Facing Race: A National Conference in St. Louis, MO — November 20-22, 2024

Sia Henry

Senior Program Specialist | Impact Justice
Pronouns: she / her

Sia joined the Restorative Justice Project at Impact Justice in 2014, collaborating with communities to establish pre-charge restorative justice diversion (RJD) programs that, without relying on incarceration, center the needs of those affected by crime and support those responsible in taking accountability. She later left to do conditions of confinement work at the Prison Law Office and then the National Prison Rape Elimination Act Resource Center. In 2020, Sia returned to the Restorative Justice Project, this time leading efforts to dismantle the criminal legal system by supporting communities throughout the East Coast and the South in establishing pre-charge RJD programs.

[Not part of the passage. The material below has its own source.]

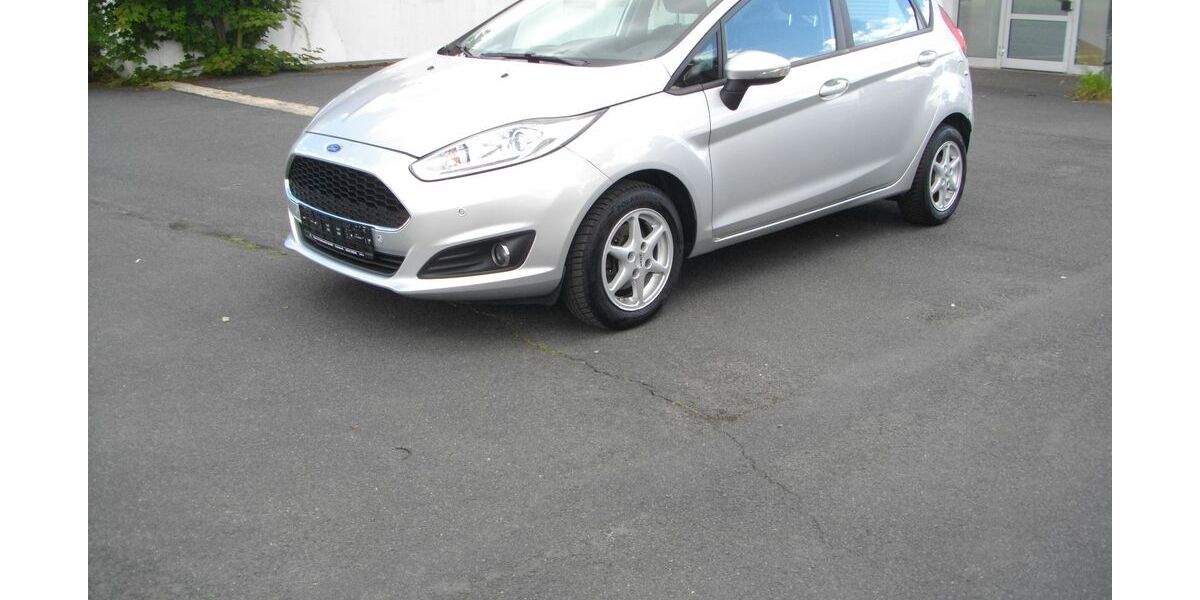 Ford Fiesta 298.500 km 3.650 &euro; Schwarzenbach/Saale 95126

Presentations from Facing Race 2020

Returning to Ourselves: Using Restorative Justice to Address Harm, Decentralize Power, and Transform Our Communities

Restorative justice represents a complete paradigm shift from viewing harm as a violation of the law to understanding it as a violation of people and relationships that requires individual, interpersonal, community, and system-wide accountability and healing. This approach is a powerful tool for all communities, especially marginalized and silenced ones, because it offers a system that does not require centralized or concentrated power. With this in mind, we are collaborating with community-based organizations and systems partners in counties across the country to establish pre-charge, restorative justice diversion programs for serious harm. These programs rely on consensus-based plans through face-to-face dialogues to meet survivors’ needs and bring all affected parties into accountability processes that repair and rebuild relationships without reliance on criminalization.

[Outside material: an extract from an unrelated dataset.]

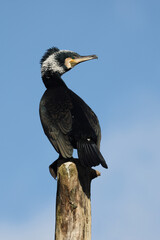 great cormorant, Phalacrocorax carbo, bird on tree trunk against blue sky
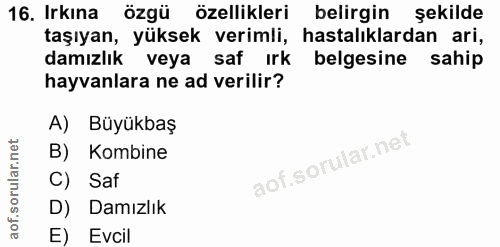 Soru 16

Through this workshop, we will first use slides and images to describe our work supporting communities in creating restorative justice diversion processes to replace the criminalization of youth of color. We will then lead participants through a visioning exercise to imagine what it would look like to live in truly “restorative cities” where, for instance, each individual is valued, people do not call the police when harm occurs, people live in relationship with one another, and there is collective decision making and accountability by all community stakeholders. Finally, participants will break into region-based, small groups to discuss concrete ways they can support each other (perhaps through the creation of regional coalitions) and incorporate restorative justice practices as they take steps towards realizing the types of communities they have envisioned.